Innanzitutto, il film è ambientato nella cosiddetta “offensiva dei cento giorni”, tra l’8 agosto e l’11 novembre 1918, sul fronte belga. L’offensiva finale portata avanti dagli Alleati contro gli Imperi Centrali. Il nemico principale di Diana è Ares, dio della guerra. L’eroina pensa sia incarnato da Erich Ludendorff, generale nazionalista e accanito sostenitore del pangermanesimo, collaboratore durante il conflitto del generale Paul von Hindenburg.
Infine, ritroviamo l’atroce presenza delle trincee e dell’iprite, conosciuto come gas mostarda per l’odore acre. Il gas letale è utilizzato dall’esercito tedesco per la prima volta il 12 luglio 1917 sul fronte belga, Ypres.
Wonder Woman – il 21 ottobre 1941 faceva la sua prima apparizione su All Stars Comics n.8. – quest’autunno spegnerà ottanta candeline, portandoli splendidamente.
La Warner Bros ha dato l’8 marzo, data non causale, il via ai festeggiamenti.
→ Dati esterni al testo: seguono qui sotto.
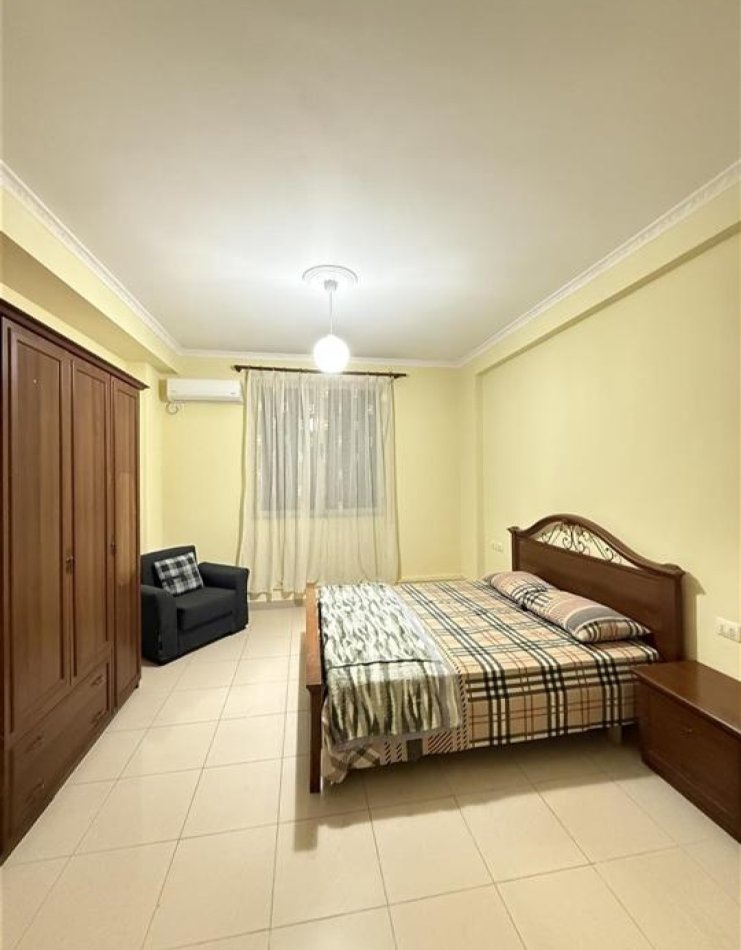 Tirane, jepet me qera apartament 2+1+Aneks+Ballkon Kati 1, 101 m² 550 € (Rruga Don Bosko)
Punto focale dell’anniversario è la campagna di Innocean Usa “Believe in Wonder”, in onore della cover di Wonder Woman dell’artista Nicola Scott del 2016.
Insomma, Wonder Woman non è il solito blockbuster alla Hollywood con effetti speciali e supereroi pieni di muscoli che sconfiggono i cattivi, portando in salvo le donzelle in pericolo.
Pur restando avvolto dalla brillante patina del genere fantastico, narra la storia dell’emancipazione di una ragazza che diventa donna, traendo forza da se stessa e dall’arma più potente al mondo: l’amore. La regista racconta indirettamente altre storie di donne, che, da casa o dal fronte, vissero e sopravvissero alla prima guerra mondiale, raccogliendo preziose testimonianze e asfaltando la strada per la lotta, in salita, delle donne per l’uguaglianza di genere. Lotta che continua ancora nel presente, in numerosi stati e contesti.